Energies 2018, 11(6), 1387; https://doi.org/10.3390/en11061387
Submission received: 3 May 2018 / Revised: 24 May 2018 / Accepted: 28 May 2018 / Published: 29 May 2018
(This article belongs to the Special Issue Electric Power Systems Research 2018)

Abstract

:
In light of the dissemination of renewable energy connected to the power grid, it has become necessary to consider the uncertainty in the generation of renewable energy as a unit commitment (UC) problem. A methodology for solving the UC problem is presented by considering various uncertainties, which are assumed to have a normal distribution, by using a Monte Carlo simulation. Based on the constructed scenarios for load, wind, solar, and generator outages, a combination of scenarios is found that meets the reserve requirement to secure the power balance of the power grid. In those scenarios, the uncertainty integration method (UIM) identifies the best combination by minimizing the additional reserve requirements caused by the uncertainty of power sources. An integration process for uncertainties is formulated for stochastic unit commitment (SUC) problems and optimized by the improved genetic algorithm (IGA).
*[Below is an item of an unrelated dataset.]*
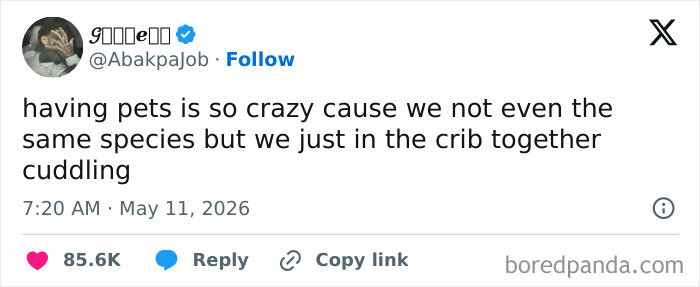 Wait, These May Tweets Are Way Too Good to Miss!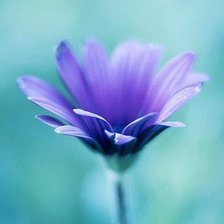 Схема вышивки «Колокольчик»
The IGA is composed of five procedures and finds the optimal combination of unit status at the scheduled time, based on the determined source data. According to the number of unit systems, the IGA demonstrates better performance than the other optimization methods by applying reserve repairing and an approximation process. To account for the result of the proposed method, various UC strategies are tested with a modified 24-h UC test system and compared.

1. Introduction

Global environmental problems are becoming a major issue in the power industry. Recently, renewable energies such as wind and solar have become preferable, because they are economical and relatively less adverse to the environment [1]. However, these renewable sources possess intermittent characteristics, which may lead to significant unexpected loads and operational problems in power grid. Power system operations are designed to address a limited amount of uncertainty in the system, which does not consider changes due to the use of renewable energy at an unprecedented scale. When renewable energy is associated with power system operation, their characteristic problems appear larger [2]. To solve the intermittency problem, an accurate prediction of renewable sources that considers volatility is needed [3]. Therefore, it is necessary to develop a framework not only to consider the uncertainties of renewable energies, but also to improve the potential risks of the power grid.
The unit commitment (UC) problem is an optimization procedure that deducts the best combinations of units in on and off status, which is important for power system operational planning. Generally, the UC problem constitutes a process of calculating system operating cost by optimizing the schedule of the generating units such that the load of time-varying is secured by taking account of the constraints of system. In the existing power system, it has become difficult to determine the UC of various renewable sources that have been recently connected, and their intermittent nature makes it difficult to optimize the operation of the system. Thus, it is necessary to find a UC solution that considers the uncertainties of renewable energy and apply it to a framework to mitigate a risk caused by uncertainties.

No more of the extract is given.